Tantawi, in bowing to public sentiment, placed Mubarak under house arrest and allowed the criminal justice system to charge him with a plethora of crimes. But at the same time, SCAF imposed greater censorship on the media and extended the state of emergency by one year.
With Mubarak’s overthrow, the position of Egypt’s Christian minority worsened considerably, says Cambanis. Islamic fundamentalists torched three churches in Cairo, causing the deaths of 15 people, and ensuing riots injured 200 Egyptian Christians and Muslims.
In 2012, the Muslim Brotherhood won parliamentary and presidential elections. The new president, Mohammed Morsi, committed one error after another. “Muslim Brothers ignored major issues from the continuing state of emergency to the military trials of civilians, pushing only on matters that would increase their share of power,” writes Cambanis. Worse still, Morsi never attempted to form a unity government, preferring an ideological alliance with the more extreme Salafis, and issuing a decree granting him unlimited dictatorial powers.

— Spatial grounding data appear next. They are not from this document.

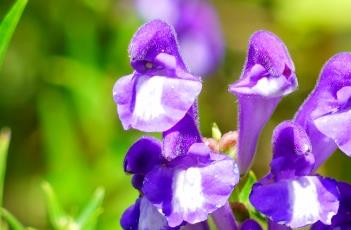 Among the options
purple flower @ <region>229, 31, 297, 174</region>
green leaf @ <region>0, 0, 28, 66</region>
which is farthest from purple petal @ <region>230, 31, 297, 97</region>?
green leaf @ <region>0, 0, 28, 66</region>

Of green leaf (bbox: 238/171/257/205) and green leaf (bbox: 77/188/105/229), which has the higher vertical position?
green leaf (bbox: 238/171/257/205)

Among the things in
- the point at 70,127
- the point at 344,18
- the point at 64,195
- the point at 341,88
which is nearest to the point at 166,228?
the point at 341,88

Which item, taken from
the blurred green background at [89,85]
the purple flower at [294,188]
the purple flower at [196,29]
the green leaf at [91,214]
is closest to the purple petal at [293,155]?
the purple flower at [294,188]

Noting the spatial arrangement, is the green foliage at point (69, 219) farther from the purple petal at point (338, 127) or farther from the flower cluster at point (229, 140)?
the purple petal at point (338, 127)

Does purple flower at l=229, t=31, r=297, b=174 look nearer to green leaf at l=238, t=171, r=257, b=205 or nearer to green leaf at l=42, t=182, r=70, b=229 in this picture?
green leaf at l=238, t=171, r=257, b=205

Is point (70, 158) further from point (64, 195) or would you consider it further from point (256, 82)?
point (256, 82)

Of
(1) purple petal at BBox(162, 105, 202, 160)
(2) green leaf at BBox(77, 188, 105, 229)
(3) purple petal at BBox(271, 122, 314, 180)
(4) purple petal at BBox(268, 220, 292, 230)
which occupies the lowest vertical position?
(2) green leaf at BBox(77, 188, 105, 229) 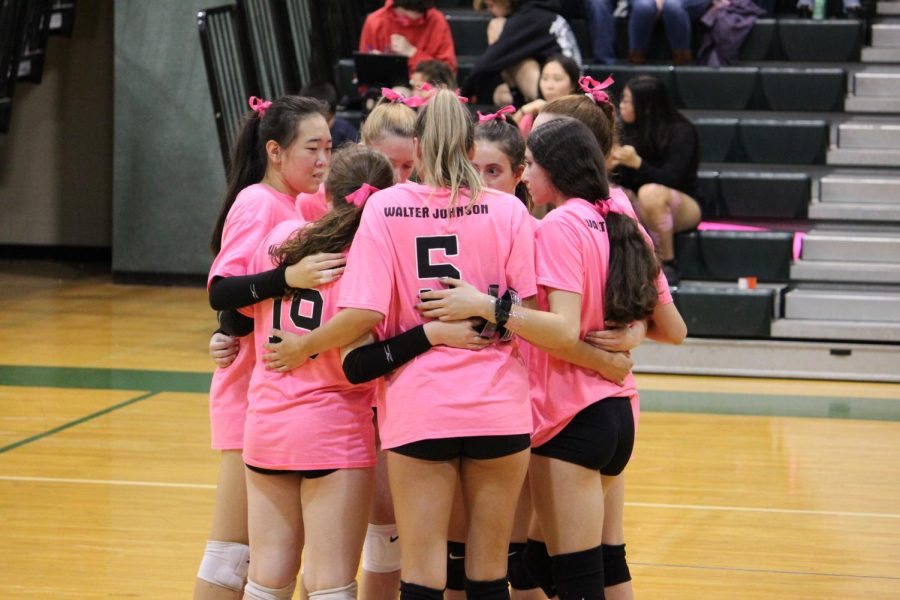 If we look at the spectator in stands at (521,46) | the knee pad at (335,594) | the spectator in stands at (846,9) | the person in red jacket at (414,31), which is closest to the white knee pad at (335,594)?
the knee pad at (335,594)

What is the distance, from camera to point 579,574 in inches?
102

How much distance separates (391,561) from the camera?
2.91 metres

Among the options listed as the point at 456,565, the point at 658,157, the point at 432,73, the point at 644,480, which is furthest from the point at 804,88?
the point at 456,565

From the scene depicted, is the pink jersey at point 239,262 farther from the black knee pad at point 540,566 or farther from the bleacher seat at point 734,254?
the bleacher seat at point 734,254

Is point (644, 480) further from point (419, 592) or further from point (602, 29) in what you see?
point (602, 29)

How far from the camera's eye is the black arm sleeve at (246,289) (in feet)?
8.32

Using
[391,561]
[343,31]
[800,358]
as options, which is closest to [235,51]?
[343,31]

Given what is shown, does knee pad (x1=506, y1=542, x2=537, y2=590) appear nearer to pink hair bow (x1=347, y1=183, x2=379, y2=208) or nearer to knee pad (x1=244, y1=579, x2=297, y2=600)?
knee pad (x1=244, y1=579, x2=297, y2=600)

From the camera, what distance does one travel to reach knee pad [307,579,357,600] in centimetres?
249

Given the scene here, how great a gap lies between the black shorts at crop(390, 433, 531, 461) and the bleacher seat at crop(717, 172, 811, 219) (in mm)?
5515

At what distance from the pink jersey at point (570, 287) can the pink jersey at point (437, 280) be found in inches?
3.8

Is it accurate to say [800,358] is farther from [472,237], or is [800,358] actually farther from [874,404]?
[472,237]

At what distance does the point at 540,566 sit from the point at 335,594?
545 mm

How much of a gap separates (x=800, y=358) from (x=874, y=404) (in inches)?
26.6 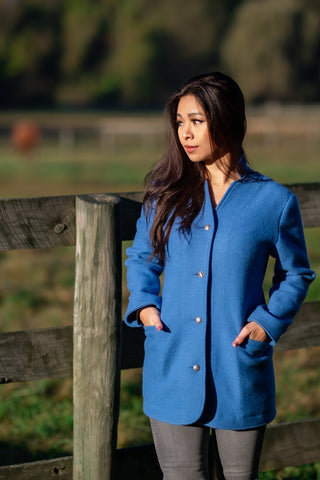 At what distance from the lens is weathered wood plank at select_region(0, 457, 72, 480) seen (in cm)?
258

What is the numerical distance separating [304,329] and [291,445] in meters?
0.46

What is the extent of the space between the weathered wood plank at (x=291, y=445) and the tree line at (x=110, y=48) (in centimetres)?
7450

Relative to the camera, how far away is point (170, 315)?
2.32 metres

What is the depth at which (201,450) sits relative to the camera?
2328 millimetres

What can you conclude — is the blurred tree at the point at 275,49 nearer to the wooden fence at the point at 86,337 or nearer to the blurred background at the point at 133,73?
the blurred background at the point at 133,73

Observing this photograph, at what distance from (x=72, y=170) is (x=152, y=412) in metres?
23.2

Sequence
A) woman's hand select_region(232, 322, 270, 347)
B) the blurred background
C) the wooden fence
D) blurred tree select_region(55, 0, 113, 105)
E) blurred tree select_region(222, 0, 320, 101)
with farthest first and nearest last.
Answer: blurred tree select_region(55, 0, 113, 105), blurred tree select_region(222, 0, 320, 101), the blurred background, the wooden fence, woman's hand select_region(232, 322, 270, 347)

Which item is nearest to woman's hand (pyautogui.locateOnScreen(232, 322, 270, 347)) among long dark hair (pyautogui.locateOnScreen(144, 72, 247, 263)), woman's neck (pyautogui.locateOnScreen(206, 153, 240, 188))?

One of Morsi’s most egregious mistakes was appointing Sisi defence minister. Formerly director of military intelligence, Sisi was a pious Muslim who seemed to be in alignment with Morsi. But after a bickering coalition of liberals, secularists and nationalists found common ground in opposing Morsi, Sisi turned against the president.
A new political movement, Tammarod, challenged the legitimacy of Morsi and the Muslim Brotherhood. SCAF, meanwhile, began issuing warnings and Sisi declared he would always side with “the people.” In the face of increasing criticism, Morsi “dropped all pretense of moderation,” appointing a Muslim extremist as governor of Luxor and praising Islamic radicals seeking martyrdom. “Questions about Morsi’s competence grew, particularly in military circles,” Cambanis writes. Morsi, however, continued to believe in Sisi’s loyalty.
Looking back, Cambanis ascribes the failure of the revolution to a variety of factors: “Egypt’s revolution was defeated so readily because it wasn’t organized, it wasn’t political enough, and, most fatally, it didn’t have a compelling, constructive idea at its center.”
Lest he be misunderstood, Cambanis places ultimate responsibility on the shoulders of the Egyptian elite: the armed forces, the Muslim Brotherhood and Mubarak’s National Democratic Party, in that order. “They did the damage; they ruined the country. But the revolutionaries are to blame for failing to make a coherent, plausible revolution.”
Saving the remainder of his critique for Sisi, the current president, Cambanis leaves a reader with a disturbing reminder: Sisi, in his first year of power after deposing Morsi, killed and arrested more dissidents/opponents than Mubarak did in almost three decades as president.
Five years on, Egyptian idealists like Moaz Abdelkarim and Basem Kamel must be very disappointed and disillusioned.